Notifications You must be signed in to change notification settings

asimihsan/Rill

Repository files navigation

Rill

Introduction

Rill will monitor many file-based log files on many systems over SSH. Its primary focus is on a "light touch": target systems are only required to offer SSH access. Such access need not be based on public-keys because this would imply we are able to modify the server's authorized_keys file. In general no software or configuration is required on the target boxes. Moreover, Rill's design emphasises decomposition and interfaces over network sockets so that sub-components are easily grokable and reusable in other projects.

Functional requirements:

  • Monitor file-based log files on servers.
  • Offer historical text-based search over the files.
  • Offer real-time access to log file contents over a network socket.
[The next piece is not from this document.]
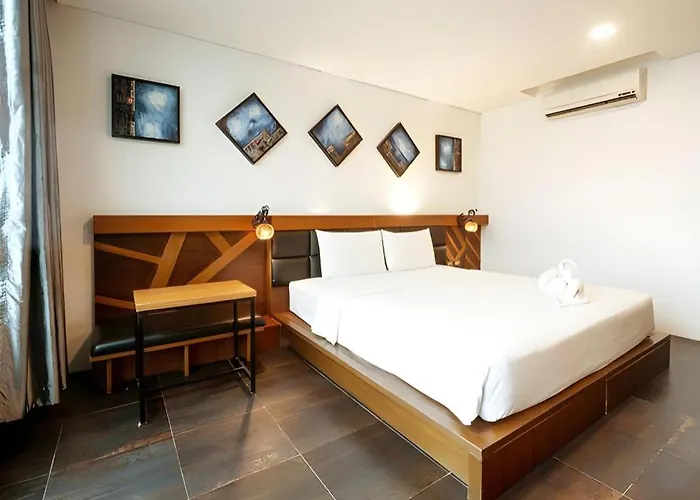 Hotel B2 Srinakharin Boutique & Budget Bangkok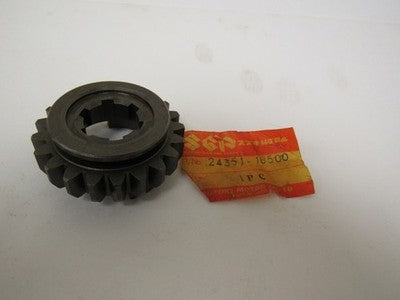 NOS Suzuki 5th Gear Driven 1971-1977 TS400 TM400   , P N 24341-16500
Non-functional requirements:

  • Be robust to network failures. Historical log data is 1:1 with server log data in the long run (eventually consistent and always available in the face of partitioning).

BUGS

  • Linux box spontaneously lost the path to libzmq.so, so ssh_tap couldn't run. Hilarious, but surely there should be a sniff test that does basic functional verification regularly to confirm components work.

  • parsers stop reading in output from ssh_tap via SUBSCRIBE after a while. Why? ssh_tap says it's PUBLISHing it. Does this happen when ssh_tap restarts? Does ZeroMQ SUBSCRIBE just stop working? It's a blocking recv() call...maybe we should restart the parser instance when ssh_tap is restarted?

  • If an ssh_tap is outputting so much data that a parser subscriber cannot keep up, the ZeroMQ SUBSCRIBE binding, by default, keeps all pending messages in memory. This leads to memory increasing indefinitely. Want to adjust the SUBSCRIBE binding to have a finite high water mark and either keep them in swap memory or discard messages.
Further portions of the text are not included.